◆ Source information:
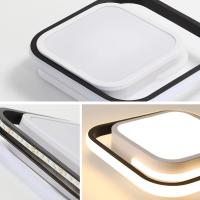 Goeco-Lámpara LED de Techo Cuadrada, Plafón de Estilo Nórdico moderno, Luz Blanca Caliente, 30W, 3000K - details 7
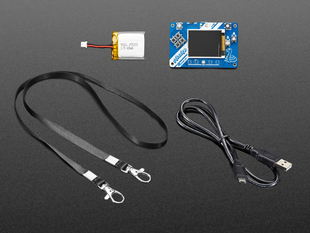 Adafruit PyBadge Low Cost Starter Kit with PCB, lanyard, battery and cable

--

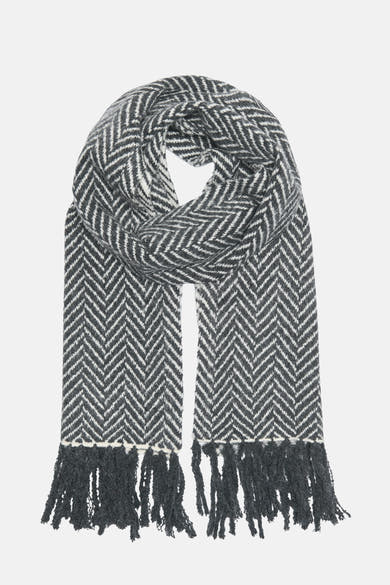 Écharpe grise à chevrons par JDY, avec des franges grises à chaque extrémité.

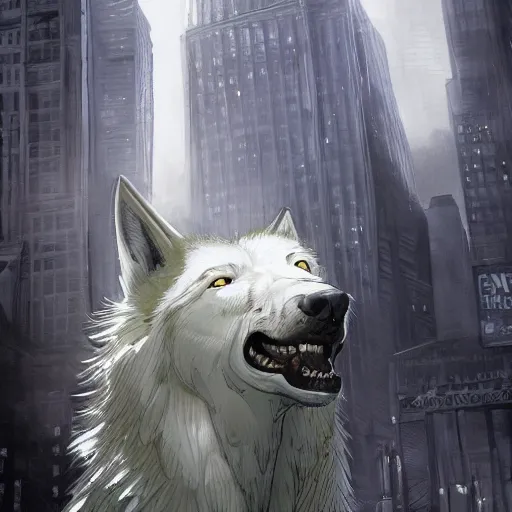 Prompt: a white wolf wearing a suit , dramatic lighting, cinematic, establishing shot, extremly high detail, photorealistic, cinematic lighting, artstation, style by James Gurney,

* * *

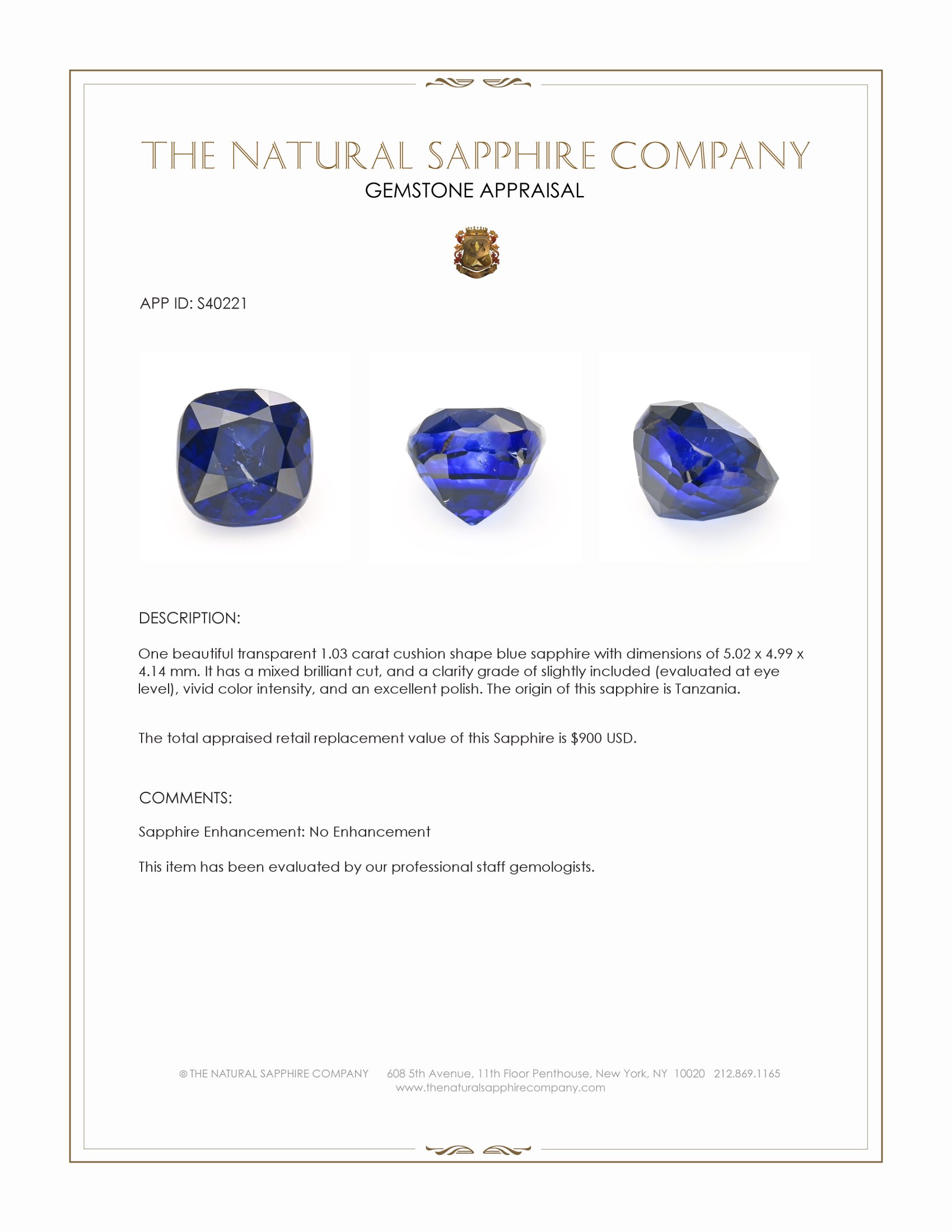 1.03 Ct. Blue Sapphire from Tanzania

◆ To do:
Reproduce exactly, with no pictures, the lines above from the one holding "Goeco-Lámpara LED de" to the one holding "Adafruit PyBadge Low", inclusive.

◆ Answer space:
 Goeco-Lámpara LED de Techo Cuadrada, Plafón de Estilo Nórdico moderno, Luz Blanca Caliente, 30W, 3000K - details 7
 Adafruit PyBadge Low Cost Starter Kit with PCB, lanyard, battery and cable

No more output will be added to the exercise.